Com relação a esse novo estilo de vida, Cambi (1999, p. 200) afirma:
Nele se afirmam comportamentos de autocontrole e de conformidade a
modelos de ‘boas maneiras’, que revelam o nascimento de uma nova
sensibilidade social e de uma convivência que redescreve cada âmbito
de ação do sujeito (desde assoar o nariz – com o uso do lenço – até
estar à mesa – com o uso do garfo), censurando comportamentos
demasiado grosseiros e solicitando um minucioso controle.

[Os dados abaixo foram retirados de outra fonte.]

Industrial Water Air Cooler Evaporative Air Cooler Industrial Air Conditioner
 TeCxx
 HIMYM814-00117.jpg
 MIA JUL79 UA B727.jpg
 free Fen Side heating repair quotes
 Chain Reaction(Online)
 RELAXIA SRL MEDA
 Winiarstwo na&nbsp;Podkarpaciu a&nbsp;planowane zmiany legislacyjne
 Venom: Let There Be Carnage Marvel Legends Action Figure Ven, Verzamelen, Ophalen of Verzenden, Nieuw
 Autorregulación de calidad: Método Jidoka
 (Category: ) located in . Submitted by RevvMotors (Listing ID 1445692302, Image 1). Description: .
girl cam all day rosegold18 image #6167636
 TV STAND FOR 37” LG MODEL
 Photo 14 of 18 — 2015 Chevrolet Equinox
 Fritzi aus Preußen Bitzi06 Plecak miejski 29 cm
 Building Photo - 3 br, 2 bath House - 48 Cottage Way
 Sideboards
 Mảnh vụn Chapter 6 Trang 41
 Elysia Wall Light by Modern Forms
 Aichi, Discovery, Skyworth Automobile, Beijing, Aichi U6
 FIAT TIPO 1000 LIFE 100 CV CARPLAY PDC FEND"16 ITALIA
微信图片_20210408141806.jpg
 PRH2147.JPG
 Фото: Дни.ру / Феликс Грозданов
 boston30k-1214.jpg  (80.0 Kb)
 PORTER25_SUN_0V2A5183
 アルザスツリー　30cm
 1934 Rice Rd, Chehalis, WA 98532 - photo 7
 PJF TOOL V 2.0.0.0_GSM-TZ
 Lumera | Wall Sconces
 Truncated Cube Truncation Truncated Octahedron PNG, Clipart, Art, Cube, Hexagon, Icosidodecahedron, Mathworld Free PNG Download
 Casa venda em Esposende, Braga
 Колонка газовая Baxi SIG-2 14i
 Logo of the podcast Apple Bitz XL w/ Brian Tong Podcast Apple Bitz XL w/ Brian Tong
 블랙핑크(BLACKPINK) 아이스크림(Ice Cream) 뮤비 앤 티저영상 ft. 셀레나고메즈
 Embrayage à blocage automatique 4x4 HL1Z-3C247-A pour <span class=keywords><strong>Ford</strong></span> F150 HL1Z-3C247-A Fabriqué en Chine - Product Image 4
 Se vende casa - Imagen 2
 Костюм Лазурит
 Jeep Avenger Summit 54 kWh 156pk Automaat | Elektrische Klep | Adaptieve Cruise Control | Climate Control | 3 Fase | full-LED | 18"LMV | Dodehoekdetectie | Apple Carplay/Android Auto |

A partir das contribuições de Cambi (1999), verificamos que, por meio da
instituição escolar, exerce-se um controle sobre a população, pois, a partir dela, o
Estado “molda” as massas populares a seu gosto, fazendo com que tenham um acesso
restrito às informações, abrangendo apenas os conhecimentos que lhes forem
convenientes – o que torna esse tipo de educação pragmática e tecnicista, pois
prioriza apenas a formação de trabalhadores qualificados ao mercado de trabalho,
deixando de formá-los integralmente. Além disso, através da educação
institucional, objetiva-se, também, desenvolver nos indivíduos um sentimento de
pertencimento ao Estado, de conformação às regras sociais – através da criação de
um novo imaginário coletivo de caráter civil –, as quais, de acordo com Cambi
(1999, p. 372), “[...] renovam a mentalidade, criam um novo universo de símbolos,
delineando novos valores (laicos e civis), fixam um novo tipo de homem social (o
cidadão)”.
Sobre essa função “reguladora” da escola, Cambi (1999, p. 207) afirma:
[...] à escola foram atribuídos um papel e um perfil decididamente
ideológicos: ela se torna agente da reprodução social e, em particular,
da ideologia dominante, do poder e seus objetivos, seus ideais e sua
lógica. A escola se torna, como dirá Althusser, ‘aparato ideológico do
Estado’ que conforma reproduzindo a força de trabalho, mas sobretudo
a ideologia.
A fim de que todos os trabalhadores recebam essa instrução normalizadora,
que é capaz de inculcar hábitos, formas de pensar, além de preparar a mão de obra
necessária, surgiu o discurso de universalização da escolarização básica. Ao
mesmo tempo, a ideia de “educação para todos” foi se destacando, e um dos
motivos que também impulsionaram essa proposta de universalização da
escolarização foi a entrada da mulher no mercado de trabalho, que desencadeou
a necessidade de um espaço para que se deixassem as crianças.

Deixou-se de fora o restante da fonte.